Room and board, off-campus housing and food costs

529 plans can be used for room and board, off-campus housing and food expenses as long as the student is enrolled at least half-time as defined by the school. Additionally, these expenses are generally limited by the institution’s cost of attendance, which can be found on the school’s website or by contacting its finance department.

For off-campus housing costs, the IRS relies on each school to set the maximum dollar amount to allow for a variance in cost of living around the country.

Food expenses and meal plans (which fall within the “board” section of room and board) are a frequent use for 529 savings because of the ease of documentation. The funds can be used to buy groceries and other meals, so long as proper documentation of the receipts is maintained.

Greek life

While joining a fraternity or sorority can be a beneficial part of a student’s college experience, dues as a whole are not considered a qualified expense. However, if the student lives in and/or has a meal plan at the fraternity or sorority house, those expenses can be covered as room and board with the same limitations noted above.

Travel

Travel expenses to and from school are not considered qualified. This means a student’s car and related expenses aren’t qualified, nor are plane or train tickets associated with studying abroad.

Scholarships

While scholarships aren’t a qualified expense, they do have special tax treatment. Normally, if you withdraw money from a 529 plan for a non-qualified expense, you will owe ordinary income tax and a 10% penalty on the earnings portion of the withdrawal. In the case of a scholarship, however, you can withdraw the amount of the scholarship without paying the 10% penalty.

This strategy is typically used if other qualified expenses won’t be sufficient to spend the entire account value. If you’re able to use the funds for qualified expenses, there will not be any penalty or income tax associated with the withdrawal. Similar waivers are provided for employer-provided assistance and death or disability of the beneficiary.

Student loans

As a result of the SECURE Act, 529 plan funds can now be used to pay off student debt – up to a $10,000 lifetime maximum for the plan’s beneficiary, plus up to $10,000 toward each sibling’s lifetime maximum. Note that investors aren’t allowed to “double dip” from a tax perspective by using tax-advantaged 529 funds to pay down student loans and taking a deduction for the interest.

Foreign schools

If the beneficiary is attending a foreign school, it must be considered qualified to use 529 dollars without tax or penalty. About 400 schools outside of the United States are considered qualified.
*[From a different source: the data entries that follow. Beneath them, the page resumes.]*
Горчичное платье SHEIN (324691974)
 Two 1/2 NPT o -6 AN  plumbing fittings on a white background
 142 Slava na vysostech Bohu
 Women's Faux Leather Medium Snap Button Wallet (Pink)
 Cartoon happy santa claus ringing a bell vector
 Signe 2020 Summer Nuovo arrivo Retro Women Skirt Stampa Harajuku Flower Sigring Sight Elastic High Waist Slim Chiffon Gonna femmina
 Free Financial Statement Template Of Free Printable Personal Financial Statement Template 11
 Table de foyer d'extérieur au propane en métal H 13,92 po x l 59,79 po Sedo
You can look up eligible institutions by using the “Look Up a School Code” resource on the Department of Education’s Federal Student Aid website. Note that you may need to choose “Foreign Country” as the state.

This is for informational purposes and is not intended to be tax advice. Please consult with a tax advisor for specific questions regarding qualified expenses. Additional details can also be found in IRS Publication 970.

Investors should carefully consider the investment objectives, risks, charges and expenses associated with 529 plans before investing. This and other information about 529 plans is available in the issuer’s official statement and should be read carefully before investing. Investors should consult a tax advisor about any state tax consequences of an investment in a 529 plan.